Sean M. Haffey / Getty Images Sport / Getty

LOS ANGELES (AP) — Players' association head Tony Clark said teams are encouraging pitchers to throw as hard as possible, leading to more injuries and minimizing the importance of starting pitchers.

Speaking before Friday's World Series opener, Clark criticized how the game has evolved in the analytics age. There were a record-low 26 complete games in the major leagues this season — four fewer than Catfish Hunter alone threw in 1975.

“Unless and until the decision makers determine that blowing out pitchers day in and day out as a result of how they're using them or what they're requiring of them is no longer the best way to treat their players, we (won't) see a change,” Clark said. "Absent that, a rule change would be challenging.”

Over the past 10 years, the average fastball velocity has risen from 93.3 mph to 95.5 during the 2024 regular season.
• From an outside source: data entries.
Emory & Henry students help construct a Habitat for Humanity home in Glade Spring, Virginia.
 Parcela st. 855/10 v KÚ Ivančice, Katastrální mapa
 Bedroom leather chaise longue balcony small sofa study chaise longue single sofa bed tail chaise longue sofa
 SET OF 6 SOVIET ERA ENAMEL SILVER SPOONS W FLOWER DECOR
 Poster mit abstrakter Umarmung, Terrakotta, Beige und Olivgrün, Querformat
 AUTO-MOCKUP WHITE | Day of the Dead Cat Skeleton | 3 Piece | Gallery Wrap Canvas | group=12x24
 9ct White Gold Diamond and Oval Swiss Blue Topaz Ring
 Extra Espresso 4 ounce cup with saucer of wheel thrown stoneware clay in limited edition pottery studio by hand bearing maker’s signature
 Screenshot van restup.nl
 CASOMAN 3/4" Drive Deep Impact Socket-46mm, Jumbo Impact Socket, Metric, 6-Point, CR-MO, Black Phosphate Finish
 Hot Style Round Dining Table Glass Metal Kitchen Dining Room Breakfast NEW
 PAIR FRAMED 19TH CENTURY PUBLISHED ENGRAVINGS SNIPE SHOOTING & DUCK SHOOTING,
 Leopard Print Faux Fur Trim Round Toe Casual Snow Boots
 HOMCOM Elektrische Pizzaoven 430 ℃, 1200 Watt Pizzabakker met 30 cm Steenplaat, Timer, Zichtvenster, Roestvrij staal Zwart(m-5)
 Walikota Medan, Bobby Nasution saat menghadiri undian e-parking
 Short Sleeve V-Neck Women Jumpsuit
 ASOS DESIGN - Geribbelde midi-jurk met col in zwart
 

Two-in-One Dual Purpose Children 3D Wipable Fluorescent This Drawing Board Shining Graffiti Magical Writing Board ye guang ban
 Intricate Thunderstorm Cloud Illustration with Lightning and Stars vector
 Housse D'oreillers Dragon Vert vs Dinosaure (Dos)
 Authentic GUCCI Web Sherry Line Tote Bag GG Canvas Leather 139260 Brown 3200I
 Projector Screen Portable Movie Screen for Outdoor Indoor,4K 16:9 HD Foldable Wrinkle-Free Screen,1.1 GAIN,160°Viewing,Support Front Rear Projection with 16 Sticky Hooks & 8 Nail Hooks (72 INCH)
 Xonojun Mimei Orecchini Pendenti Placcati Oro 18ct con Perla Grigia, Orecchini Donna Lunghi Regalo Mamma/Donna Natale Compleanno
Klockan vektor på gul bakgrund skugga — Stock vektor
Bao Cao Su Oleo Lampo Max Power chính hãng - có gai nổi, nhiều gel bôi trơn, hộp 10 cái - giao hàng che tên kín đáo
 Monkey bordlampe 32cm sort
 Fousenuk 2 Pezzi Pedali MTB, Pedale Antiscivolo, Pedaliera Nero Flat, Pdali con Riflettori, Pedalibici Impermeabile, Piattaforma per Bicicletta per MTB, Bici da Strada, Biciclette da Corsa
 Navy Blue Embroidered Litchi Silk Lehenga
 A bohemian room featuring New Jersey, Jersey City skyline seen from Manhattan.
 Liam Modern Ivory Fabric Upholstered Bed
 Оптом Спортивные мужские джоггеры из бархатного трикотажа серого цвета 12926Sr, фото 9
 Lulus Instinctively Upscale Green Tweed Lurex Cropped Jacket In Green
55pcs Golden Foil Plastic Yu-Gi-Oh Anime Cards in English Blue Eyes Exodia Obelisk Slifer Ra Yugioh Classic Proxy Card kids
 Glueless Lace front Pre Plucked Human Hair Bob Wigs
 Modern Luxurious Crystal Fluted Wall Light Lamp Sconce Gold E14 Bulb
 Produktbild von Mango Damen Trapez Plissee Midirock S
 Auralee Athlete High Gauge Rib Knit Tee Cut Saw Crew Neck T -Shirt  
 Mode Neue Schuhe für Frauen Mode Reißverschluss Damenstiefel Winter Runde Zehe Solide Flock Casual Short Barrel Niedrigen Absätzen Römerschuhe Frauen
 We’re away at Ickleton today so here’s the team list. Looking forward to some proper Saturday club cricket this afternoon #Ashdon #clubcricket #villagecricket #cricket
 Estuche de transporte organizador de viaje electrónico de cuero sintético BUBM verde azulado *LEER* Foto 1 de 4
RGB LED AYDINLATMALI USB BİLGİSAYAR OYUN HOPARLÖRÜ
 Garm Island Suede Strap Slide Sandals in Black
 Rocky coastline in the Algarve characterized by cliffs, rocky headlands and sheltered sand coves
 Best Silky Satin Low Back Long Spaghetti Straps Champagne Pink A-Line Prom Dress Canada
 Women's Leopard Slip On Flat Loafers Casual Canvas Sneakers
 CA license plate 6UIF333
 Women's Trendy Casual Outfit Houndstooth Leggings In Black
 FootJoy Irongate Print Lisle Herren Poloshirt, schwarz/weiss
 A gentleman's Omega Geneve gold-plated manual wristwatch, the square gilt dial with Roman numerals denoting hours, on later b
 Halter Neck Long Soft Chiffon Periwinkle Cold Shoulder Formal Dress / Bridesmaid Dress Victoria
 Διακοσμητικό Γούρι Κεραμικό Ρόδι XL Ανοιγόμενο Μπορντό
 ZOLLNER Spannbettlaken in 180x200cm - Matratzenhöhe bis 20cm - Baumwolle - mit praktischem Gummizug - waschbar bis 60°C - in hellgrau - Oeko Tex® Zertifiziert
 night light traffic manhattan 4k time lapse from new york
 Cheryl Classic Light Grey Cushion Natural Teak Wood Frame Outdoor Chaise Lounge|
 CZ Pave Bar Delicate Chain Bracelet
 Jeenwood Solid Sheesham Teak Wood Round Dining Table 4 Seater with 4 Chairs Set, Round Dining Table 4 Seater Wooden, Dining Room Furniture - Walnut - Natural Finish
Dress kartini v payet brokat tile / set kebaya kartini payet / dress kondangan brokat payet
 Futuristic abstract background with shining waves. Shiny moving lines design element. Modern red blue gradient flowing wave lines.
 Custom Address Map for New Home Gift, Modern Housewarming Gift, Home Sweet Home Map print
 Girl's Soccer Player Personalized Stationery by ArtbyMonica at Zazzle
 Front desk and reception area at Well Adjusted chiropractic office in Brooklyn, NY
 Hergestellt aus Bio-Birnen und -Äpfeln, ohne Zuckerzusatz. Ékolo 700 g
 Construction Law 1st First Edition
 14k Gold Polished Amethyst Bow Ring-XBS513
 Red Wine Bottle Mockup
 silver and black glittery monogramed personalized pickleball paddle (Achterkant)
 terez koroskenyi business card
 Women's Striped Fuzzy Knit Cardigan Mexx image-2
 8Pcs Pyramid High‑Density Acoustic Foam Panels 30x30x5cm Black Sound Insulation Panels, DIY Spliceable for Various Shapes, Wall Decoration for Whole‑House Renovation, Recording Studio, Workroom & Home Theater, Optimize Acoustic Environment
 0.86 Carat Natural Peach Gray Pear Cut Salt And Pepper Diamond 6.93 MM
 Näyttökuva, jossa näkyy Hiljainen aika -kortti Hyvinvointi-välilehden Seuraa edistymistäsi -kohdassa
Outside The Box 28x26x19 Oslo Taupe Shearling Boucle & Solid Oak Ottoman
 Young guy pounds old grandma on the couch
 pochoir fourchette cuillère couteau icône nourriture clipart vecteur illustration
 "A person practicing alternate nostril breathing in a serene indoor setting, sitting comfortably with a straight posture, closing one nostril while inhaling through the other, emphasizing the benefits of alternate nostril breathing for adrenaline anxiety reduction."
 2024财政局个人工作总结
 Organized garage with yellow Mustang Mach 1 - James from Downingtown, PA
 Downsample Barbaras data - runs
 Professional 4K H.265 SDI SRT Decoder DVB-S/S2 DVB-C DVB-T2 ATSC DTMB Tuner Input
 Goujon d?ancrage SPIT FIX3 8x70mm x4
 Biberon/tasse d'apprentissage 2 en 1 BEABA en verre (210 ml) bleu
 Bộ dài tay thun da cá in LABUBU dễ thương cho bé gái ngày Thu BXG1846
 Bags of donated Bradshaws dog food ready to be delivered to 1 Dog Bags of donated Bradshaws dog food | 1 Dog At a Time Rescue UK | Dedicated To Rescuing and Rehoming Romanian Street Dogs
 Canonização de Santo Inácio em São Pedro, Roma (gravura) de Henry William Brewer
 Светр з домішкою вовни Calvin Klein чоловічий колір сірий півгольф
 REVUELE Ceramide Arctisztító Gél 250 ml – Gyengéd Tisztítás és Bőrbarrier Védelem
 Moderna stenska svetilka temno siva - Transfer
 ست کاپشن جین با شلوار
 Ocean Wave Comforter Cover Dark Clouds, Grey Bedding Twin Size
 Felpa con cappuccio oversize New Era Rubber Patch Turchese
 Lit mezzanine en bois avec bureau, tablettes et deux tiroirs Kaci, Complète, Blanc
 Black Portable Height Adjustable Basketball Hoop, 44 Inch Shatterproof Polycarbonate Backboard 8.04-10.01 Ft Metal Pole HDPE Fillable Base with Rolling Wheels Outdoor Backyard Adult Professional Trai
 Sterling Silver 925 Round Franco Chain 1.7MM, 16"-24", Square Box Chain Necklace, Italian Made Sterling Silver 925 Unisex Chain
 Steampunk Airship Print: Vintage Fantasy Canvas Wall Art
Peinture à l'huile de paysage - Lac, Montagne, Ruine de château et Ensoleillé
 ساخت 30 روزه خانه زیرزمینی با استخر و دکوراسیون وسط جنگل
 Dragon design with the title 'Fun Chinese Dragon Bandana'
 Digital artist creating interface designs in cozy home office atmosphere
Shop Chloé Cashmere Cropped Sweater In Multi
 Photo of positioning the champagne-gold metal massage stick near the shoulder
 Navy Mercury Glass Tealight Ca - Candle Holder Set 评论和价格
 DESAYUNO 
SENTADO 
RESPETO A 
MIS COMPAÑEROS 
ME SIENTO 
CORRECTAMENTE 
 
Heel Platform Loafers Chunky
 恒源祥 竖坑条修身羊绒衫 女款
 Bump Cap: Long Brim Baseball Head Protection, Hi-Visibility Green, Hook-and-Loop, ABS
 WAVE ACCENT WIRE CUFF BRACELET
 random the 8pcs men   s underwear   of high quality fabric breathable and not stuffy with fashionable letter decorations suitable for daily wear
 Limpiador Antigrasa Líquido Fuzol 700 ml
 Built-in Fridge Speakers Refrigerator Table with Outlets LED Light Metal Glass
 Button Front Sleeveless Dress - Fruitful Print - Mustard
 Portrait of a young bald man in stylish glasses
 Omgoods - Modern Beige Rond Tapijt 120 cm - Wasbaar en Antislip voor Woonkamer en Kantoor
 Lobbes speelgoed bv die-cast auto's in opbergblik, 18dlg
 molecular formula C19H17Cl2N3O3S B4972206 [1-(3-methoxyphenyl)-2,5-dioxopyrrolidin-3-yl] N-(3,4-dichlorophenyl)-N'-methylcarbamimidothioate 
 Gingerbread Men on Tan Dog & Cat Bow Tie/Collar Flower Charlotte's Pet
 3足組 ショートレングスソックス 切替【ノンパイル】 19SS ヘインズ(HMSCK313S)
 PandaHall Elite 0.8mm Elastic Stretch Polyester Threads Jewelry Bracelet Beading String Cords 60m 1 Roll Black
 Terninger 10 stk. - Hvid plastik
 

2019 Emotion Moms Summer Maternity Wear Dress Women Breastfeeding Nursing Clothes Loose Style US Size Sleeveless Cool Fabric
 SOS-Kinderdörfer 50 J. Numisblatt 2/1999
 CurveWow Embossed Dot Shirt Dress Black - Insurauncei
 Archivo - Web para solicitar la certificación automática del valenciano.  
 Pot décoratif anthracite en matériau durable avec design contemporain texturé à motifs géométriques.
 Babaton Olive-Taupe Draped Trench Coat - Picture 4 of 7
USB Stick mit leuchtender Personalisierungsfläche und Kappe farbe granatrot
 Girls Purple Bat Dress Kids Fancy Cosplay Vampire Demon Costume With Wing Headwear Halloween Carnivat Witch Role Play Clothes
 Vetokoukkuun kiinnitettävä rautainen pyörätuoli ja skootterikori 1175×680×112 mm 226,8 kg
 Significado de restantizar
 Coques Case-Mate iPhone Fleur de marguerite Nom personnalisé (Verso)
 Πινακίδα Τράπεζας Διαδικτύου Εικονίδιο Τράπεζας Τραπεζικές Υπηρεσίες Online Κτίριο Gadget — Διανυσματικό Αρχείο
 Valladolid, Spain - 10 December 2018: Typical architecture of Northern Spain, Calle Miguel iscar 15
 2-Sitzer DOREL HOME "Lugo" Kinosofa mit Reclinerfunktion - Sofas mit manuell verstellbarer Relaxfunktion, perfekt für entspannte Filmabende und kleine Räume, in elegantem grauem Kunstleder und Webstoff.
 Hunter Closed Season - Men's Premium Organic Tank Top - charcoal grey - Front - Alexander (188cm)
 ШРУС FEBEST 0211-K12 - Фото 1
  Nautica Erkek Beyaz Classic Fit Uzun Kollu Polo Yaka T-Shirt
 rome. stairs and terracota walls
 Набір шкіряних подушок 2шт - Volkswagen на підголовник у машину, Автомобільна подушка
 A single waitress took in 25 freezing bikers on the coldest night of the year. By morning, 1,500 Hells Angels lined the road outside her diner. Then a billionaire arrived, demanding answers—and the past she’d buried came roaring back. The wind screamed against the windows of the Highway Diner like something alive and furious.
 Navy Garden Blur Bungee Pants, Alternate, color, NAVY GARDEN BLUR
Injury rates have also skyrocketed, with 484 pitchers going on the injured list this year, nearly double the 2014 total.

Starters have averaged 12.8 outs in the postseason, down from 13.8 last year and 15 in 2022, according the Elias Sports Bureau.

"The conversations that we've had with our players have suggested that unless or until you draw a line in the sand and force change, that the decision makers on any one particular team are going to continue to make the decisions that they're making, which is have pitchers, starting and relievers, max effort for the period of time that they can have them," Clark said. "As soon as they seem to run out of gas, as the data suggests that they're going to, recycle them out and to burn out another pitcher.”

When Clark in April claimed a shorter pitch clock led to injuries, MLB said there was a "long-term trend, over multiple decades, of velocity and spin increases that are highly correlated with arm injuries."